The rare glimpse of political unity at Waitangi on Thursday - where the country came together 181 years ago – came as our political leaders gave peace a chance.
Prime Minister Jacinda Ardern was given speaking rights at Te Whare Rūnanga, Waitangi's upper marae, but National leader Judith Collins was not, but next year that will change.
"I want to acknowledge all the speakers on the pae today," Ardern said in her speech.
Ardern used the spotlight to score brownie points, dishing out the date of our new Matariki public holiday, which will fall on June 24 next year.
Matariki, the Māori New Year - is our first Māori-specific public holiday. The date will change each year, determined by the lunar calendar.
"It will, as many people have pointed out, break up the year at a time when it can feel a little long," Ardern told reporters at Waitangi.

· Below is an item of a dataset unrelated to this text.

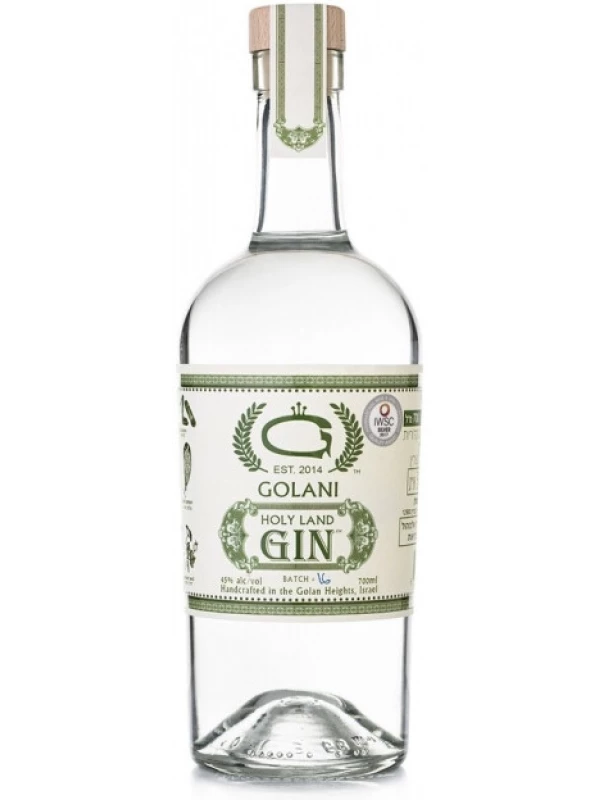 Holy Land Gin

It's also a classic vote winner announced on the election campaign.
"The real issues for Māori are imprisonment, housing, unemployment, incomes and education," said ACT leader David Seymour. "Having an extra day off doesn't help when your unemployment's going up."
Collins didn't have the chance to talk up National on the paepae. She had to cede to her male deputy, who used his speech to have a crack, saying National was disappointed Collins couldn't speak because she's a woman.

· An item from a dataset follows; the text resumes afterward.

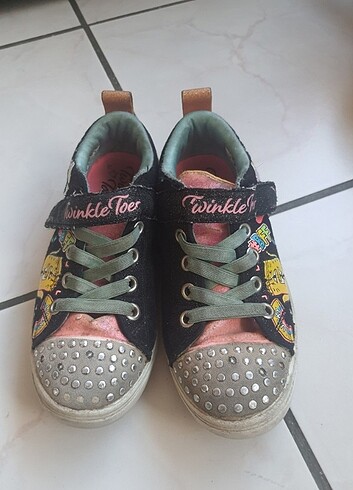 Skechers kız çocuk ayakkabi 29 numara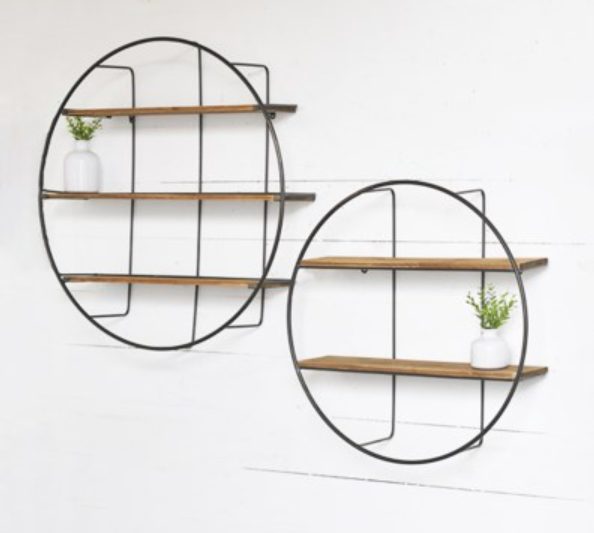 Modern Round Shelf - 2 Sizes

It worked - both Collins and Greens co-leader Marama Davidson can take the mic next year.
"I think the speeches would have been a whole lot more engaging if those three were given the opportunity," said Te Waihoroi Shortland, of Ngati Hine.

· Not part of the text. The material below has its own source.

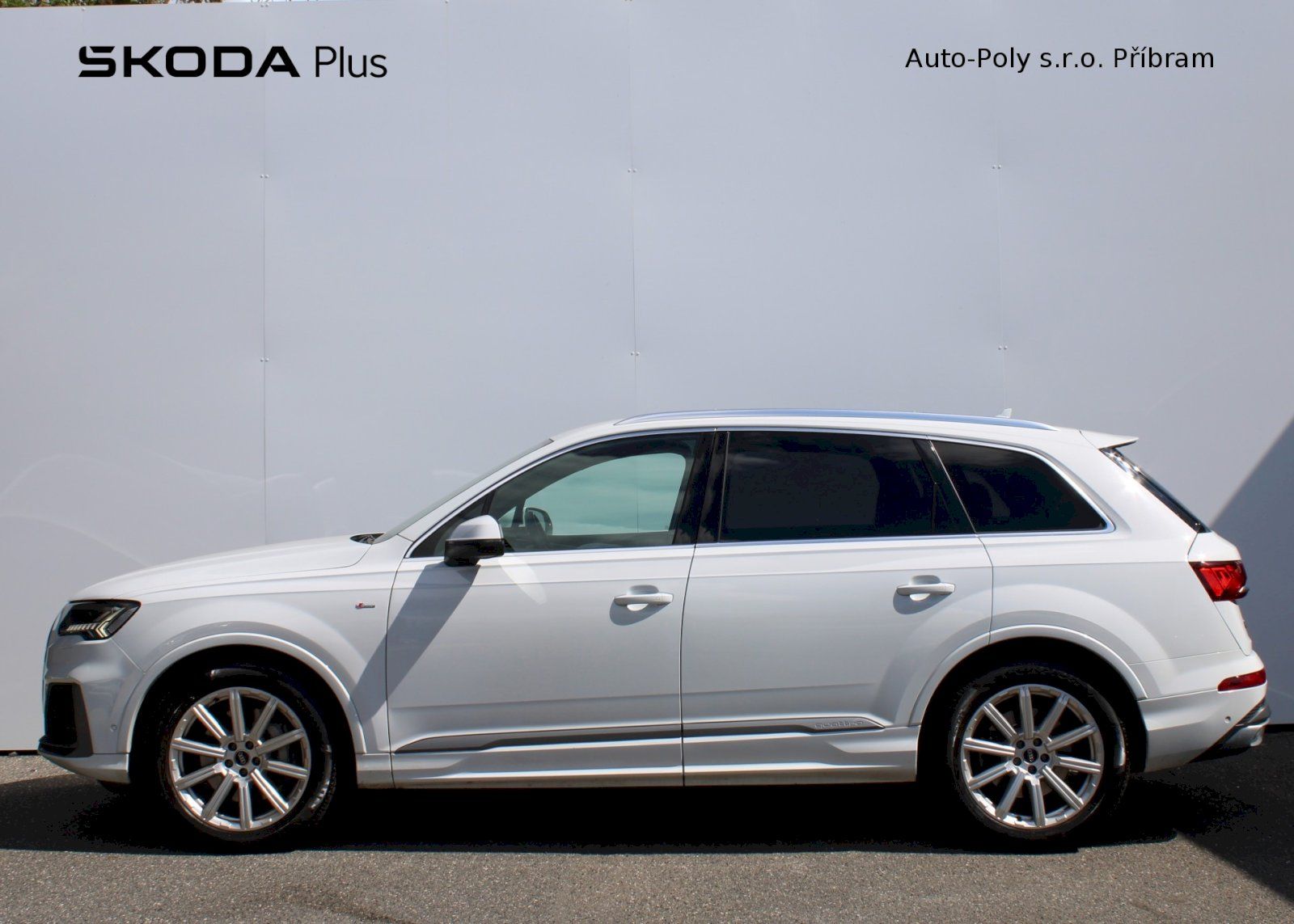 Audi Q7, SLine 3.0TFSI / 250kW Quattro - fotka 3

In 1998, former Prime Minister Helen Clark was reduced to tears when she wasn't allowed to speak in the wharenui at Waitangi's lower Te Tii marae.
"I think this is a great result for all women," said Collins.
Governor-General Dame Patsy Reddy was also welcomed to the marae on Thursday and was given a speaking slot. She had nothing but praise for the new Matariki holiday.
"Matariki, I'm really looking forward to it," she said. "I think it's fantastic - that's one of those developments that shows how far we've come."
There's still a long way to go between the Crown and Māori - and still much more to come at Waitangi.
Analysis by Political Editor Tova O'Brien
It's great news there will be a holiday that specifically celebrates Māori culture.
But speakers on the paepae challenged the Government about Māori overrepresentation in all the wrong statistics - health, suicide, and housing among them.
Ardern said if we're honest with ourselves we will never reach a point of perfection there will always be challenges - but that she's not resigned to fail, she'll never give up.
It sounds great, but this term - with her emphatic mandate - Ardern's Government needs to deliver far more than well-meaning platitudes.